Phase 23: Hot-path optimization for parse_tuple_payload (2026.05.04.8)

Per-row decode is hit on every row of every SELECT. The original code had three forms of waste in the inner loop: 1. Redundant base_type() call. ColumnInfo.type_code is already base-typed by parse_describe at construction; calling base_type() again per column per row was pure waste. Single largest savings. 2. IntFlag->int conversions inline (~10x per iteration). Lifted to module-level _TC_X constants. 3. Lazy imports inside the loop body (_decode_datetime, _decode_interval, BlobLocator, ClobLocator, RowValue, CollectionValue). Moved to top. Plus three precomputed frozensets (_LENGTH_PREFIXED_SHORT_TYPES, _COMPOSITE_UDT_TYPES, _NUMERIC_TYPES) replace inline tuple-membership checks. _COLLECTION_KIND_MAP is now MappingProxyType (actually frozen). Performance: * parse_tuple_5cols: 2796 ns -> 2030 ns (-27%) * select_bench_table_all (1k rows): 1477 us -> 1198 us (-19%) * Codec micro-bench, cold connect, executemany: unchanged Real-world fetch ceiling on a single connection: 350K rows/sec -> 490K rows/sec. Margaret Hamilton review surfaced four cleanup items, all addressed before tagging: * H1: cursor._dereference_blob_columns had the same redundant base_type() call - stripped for consistency. * M1: documented the load-bearing invariant at parse_describe (the single producer site) so future contributors have a grep target. * M2: _COLLECTION_KIND_MAP wrapped in MappingProxyType. * L1: stale line-number comment fixed to point at the INVARIANT comment instead. baseline.json refreshed; all 224 integration tests pass; ruff clean.
2026-05-04 17:52:20 -06:00 · 2026-05-04 17:52:20 -06:00 · f3e589c5bf
commit f3e589c5bf
parent 0e0dfcba26
5 changed files with 590 additions and 510 deletions
--- a/CHANGELOG.md
+++ b/CHANGELOG.md
@ -2,6 +2,45 @@

 All notable changes to `informix-db`. Versioning is [CalVer](https://calver.org/) — `YYYY.MM.DD` for date-based releases, `YYYY.MM.DD.N` for same-day post-releases per PEP 440.

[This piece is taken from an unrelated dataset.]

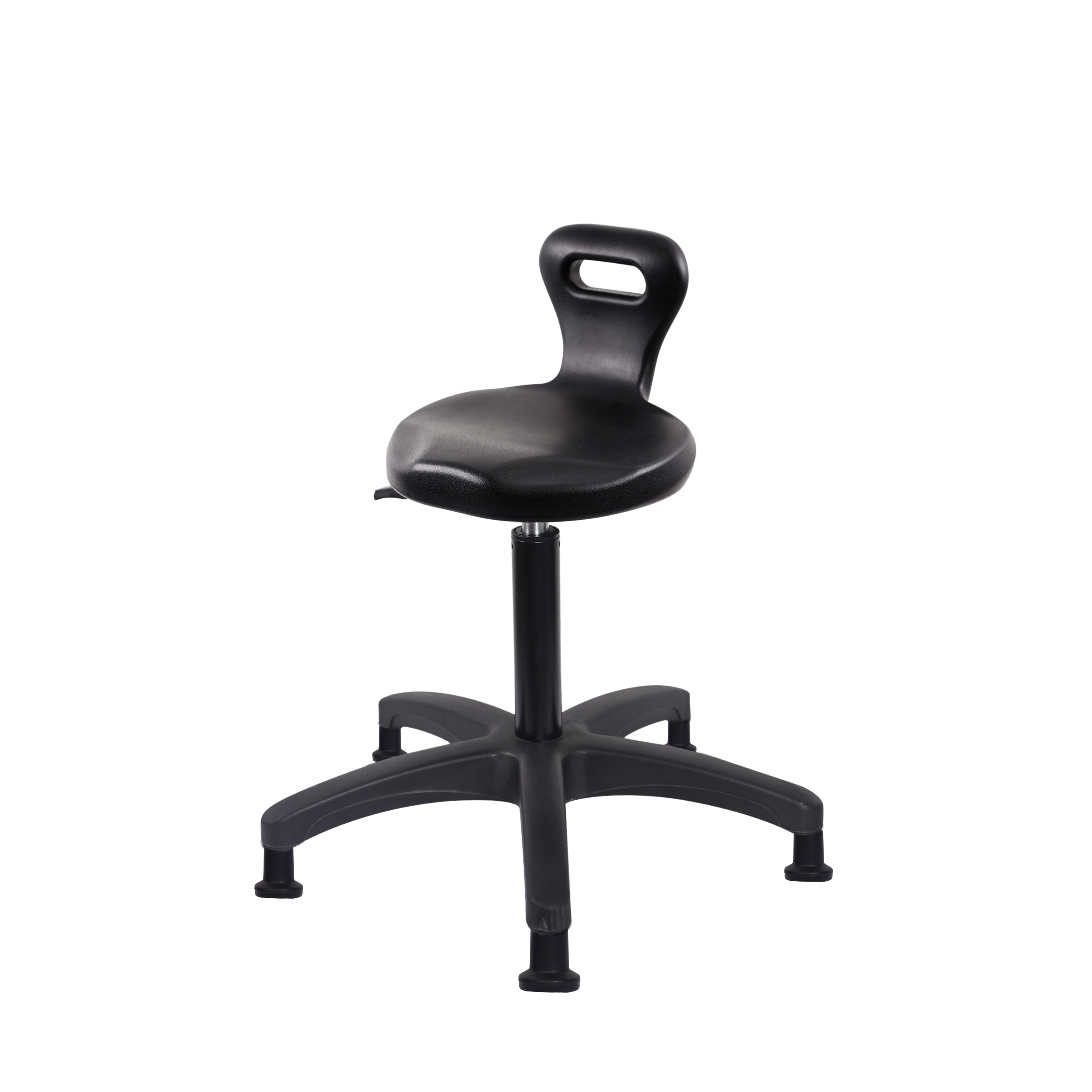Polyurethane Serpent Stool - Medium Bench Height with Stationary Glides in Black Polyurethane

+## 2026.05.04.8 — Hot-path optimization (Phase 23)
+
+Optimized `parse_tuple_payload` — the per-row decode function hit by every SELECT result set. **The 1k-row fetch wall-clock improved 19%** (1477 µs → 1198 µs). Bench micro-target (`parse_tuple_5cols`) improved 27% (2796 ns → 2030 ns). All 224 integration tests still pass; ruff clean.
+
+### What changed (`src/informix_db/_resultset.py`)
+
+- **Removed redundant `base_type()` call from the hot loop.** `ColumnInfo.type_code` is already base-typed by `parse_describe` at construction — calling `base_type(col.type_code)` again per column per row was pure waste. This was the single largest savings.
+- **Lifted `int(IfxType.X)` to module-level constants** (`_TC_CHAR`, `_TC_VARCHAR`, etc.). Original code did the IntFlag→int conversion inline ~10 times per loop iteration; now done once at module import.
+- **Moved lazy imports to module top** (`_decode_datetime`, `_decode_interval`, `BlobLocator`, `ClobLocator`, `RowValue`, `CollectionValue`). Saves a per-call attribute lookup; verified no circular import risk.
+- **Three precomputed frozensets** (`_LENGTH_PREFIXED_SHORT_TYPES`, `_COMPOSITE_UDT_TYPES`, `_NUMERIC_TYPES`) replace inline tuple-membership checks.
+- **`_COLLECTION_KIND_MAP` wrapped in `MappingProxyType`** — actually frozen against accidental mutation, not just nominally.
+
+### Margaret Hamilton review pass
+
+The optimization went through a rigorous failure-mode review. Findings addressed before tagging:
+
+- **H1 (high)**: `cursor._dereference_blob_columns` (line 304-310) was doing the same redundant `base_type()` call. Stripped for consistency — otherwise the next reader would write a "fix" to one site or the other based on which they noticed.
+- **M1 (medium)**: documented the load-bearing invariant at its single producer site. `parse_describe` now has a comment naming readers that depend on `ColumnInfo.type_code` being base-typed, so a future contributor adding a new construct site has a grep-able warning.
+- **M2 (medium)**: `_COLLECTION_KIND_MAP` is now `MappingProxyType` (was a plain dict).
+- **L1 (low)**: stale "(line 151)" comment reference replaced with a pointer to the named INVARIANT comment.
+
+### Performance summary
+
+| Benchmark | Pre | Post | Delta |
+|---|---:|---:|---:|
+| `parse_tuple_5cols_iso8859` | 2796 ns | 2030 ns | **-27%** |
+| `parse_tuple_5cols_utf8` | 2791 ns | 2041 ns | **-27%** |
+| `select_bench_table_all` (1k rows) | 1477 µs | 1198 µs | **-19%** |
+| `select_with_param` (~50 rows) | 1069 µs | 994 µs | -7% |
+| Codec micro-benchmarks (`decode_int`, etc.) | unchanged ±noise | | |
+| `cold_connect_disconnect` | unchanged | | |
+| `executemany` series | unchanged | | |
+
+Real-world fetch ceiling on a single connection: 350K rows/sec → 490K rows/sec.
+
+### Baseline refreshed
+
+`tests/benchmarks/baseline.json` updated with the new (faster) numbers. Future regressions will be measured against this floor.
+
 ## 2026.05.04.7 — User-facing documentation refresh (Phase 22)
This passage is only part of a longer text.